Peer VTEPs

When the threat defense sends a packet to a device behind a peer VTEP, the threat defense needs two important pieces of information:

  • The destination MAC address of the remote device

  • The destination IP address of the peer VTEP

The threat defense maintains a mapping of destination MAC addresses to remote VTEP IP addresses for the VNI interfaces.

VXLAN Peer

There are two ways in which the threat defense can find this information:

  • A single peer VTEP IP address can be statically configured on the threat defense.

    For IPv4: The threat defense then sends a VXLAN-encapsulated ARP broadcast to the VTEP to learn the end node MAC address.

    For IPv6: The threat defense then sends an IPv6 Neighbor Solicitation message to the IPv6 solicited-node multicast address. The peer VTEP responds with an IPv6 Neighbor Advertisement message with its link-local address.

  • A group of peer VTEP IP addresses can be statically configured on the threat defense.

    For IPv4: The threat defense then sends a VXLAN-encapsulated ARP broadcast to the VTEP to learn the end node MAC addresses.

    For IPv6: The threat defense then sends an IPv6 Neighbor Solicitation message to the IPv6 solicited-node multicast address. The peer VTEP responds with an IPv6 Neighbor Advertisement message with its link-local address.

  • A multicast group can be configured on each VNI interface (or on the VTEP as a whole).

    For IPv4: The threat defense sends a VXLAN-encapsulated ARP broadcast packet within an IP multicast packet through the VTEP source interface. The response to this ARP request enables the threat defense to learn both the remote VTEP IP address along with the destination MAC address of the remote end node.

    For IPv6: The threat defense sends a Multicast Listener Discovery (MLD) Report message through the VTEP source interface to indicate that the threat defense is listening on the VTEP interface for the multicast address traffic.
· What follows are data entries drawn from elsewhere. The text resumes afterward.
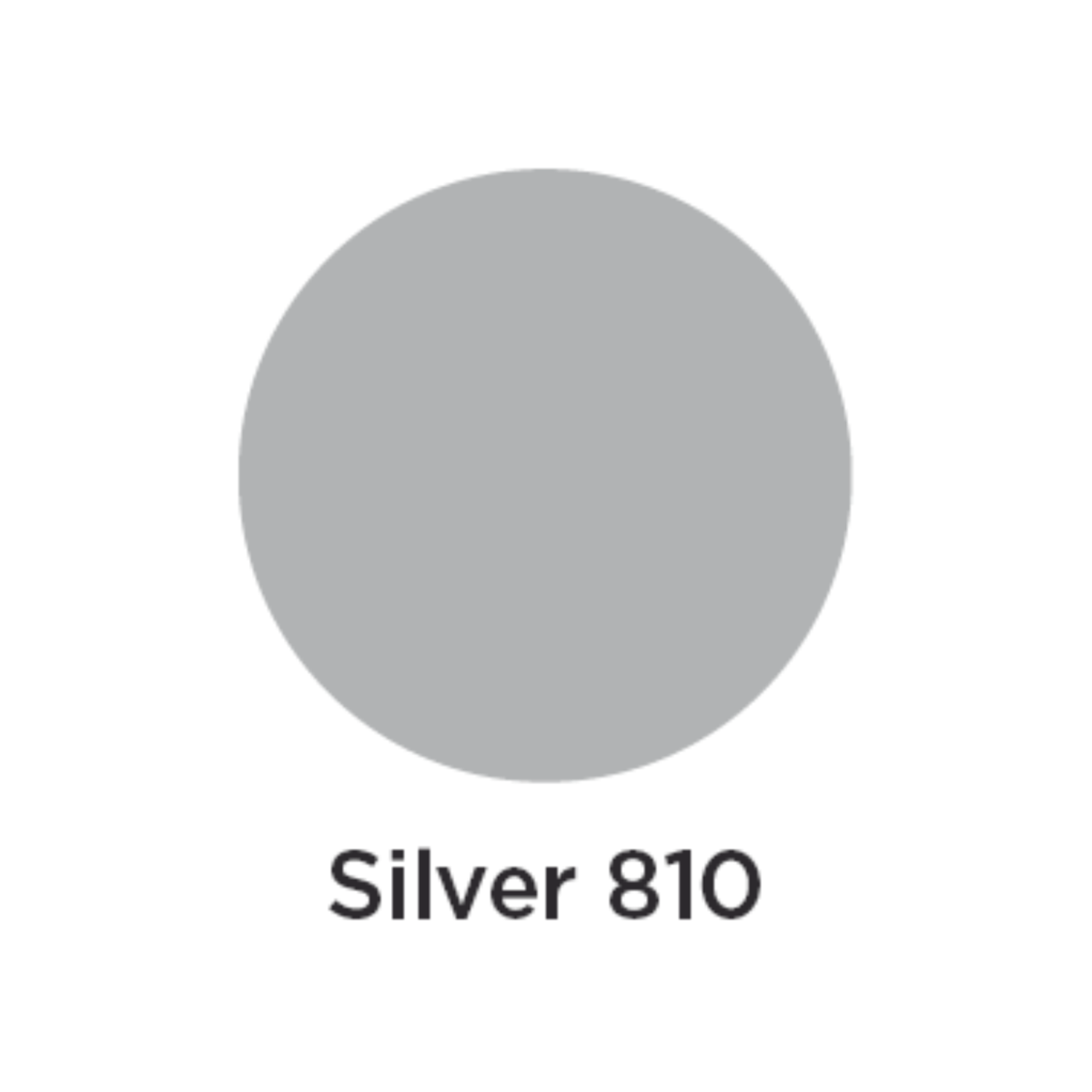 GHIANT EXPERT ACRYL 300 ML SILVER 810 3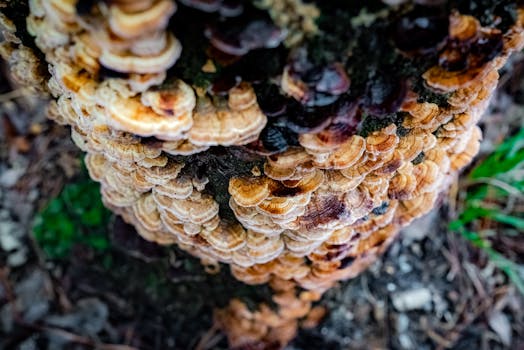 Vibrant Turkey Tail mushrooms growing on a tree in a natural setting, showcasing nature's textures.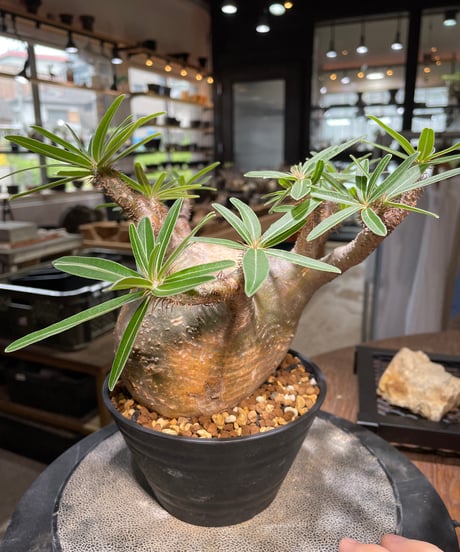 パキポディウム グラキリス　Pachypodium gracilius 　発根済　(gk-494）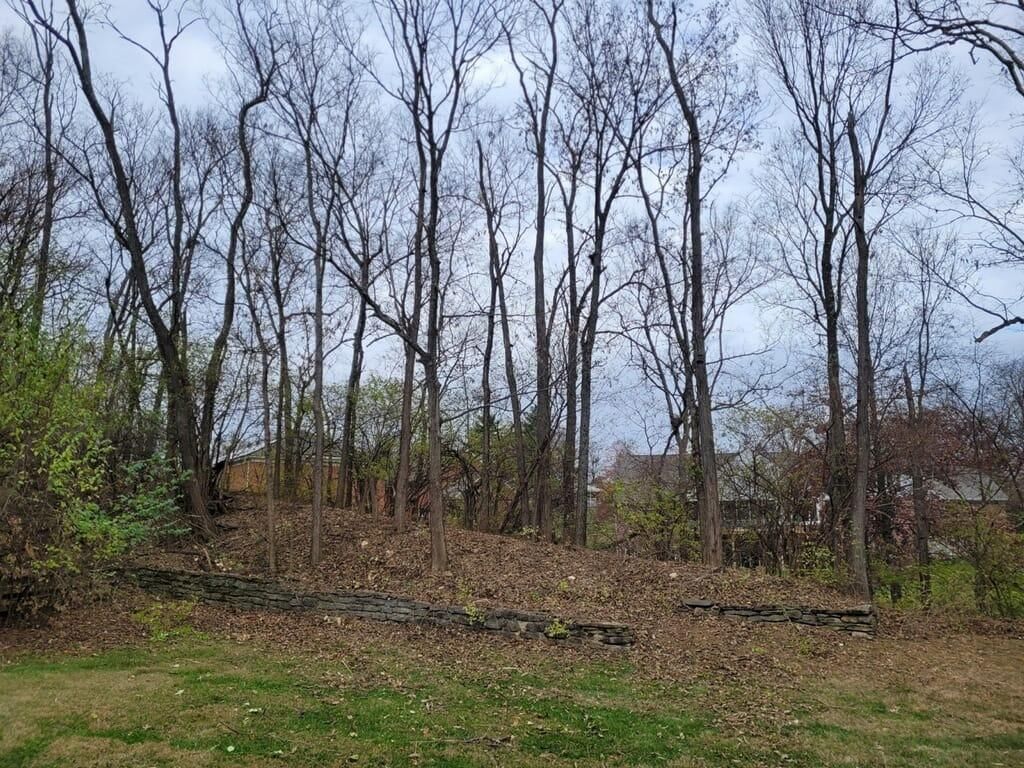 Tree Trimming for Kingdom Tree Trimming and Removal LLC in Covington, KY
    This option is not supported with Geneve.

Geneve Peer

The threat defense virtual only supports statically defined peers. You can define the threat defense virtual peer IP address on the AWS Gateway Load Balancer. Because the threat defense virtual never initiates traffic to the Gateway Load Balancer, you do not also have to specify the Gateway Load Balancer IP address on the threat defense virtual; it learns the peer IP address when it receives Geneve traffic. Multicast groups are not supported with Geneve.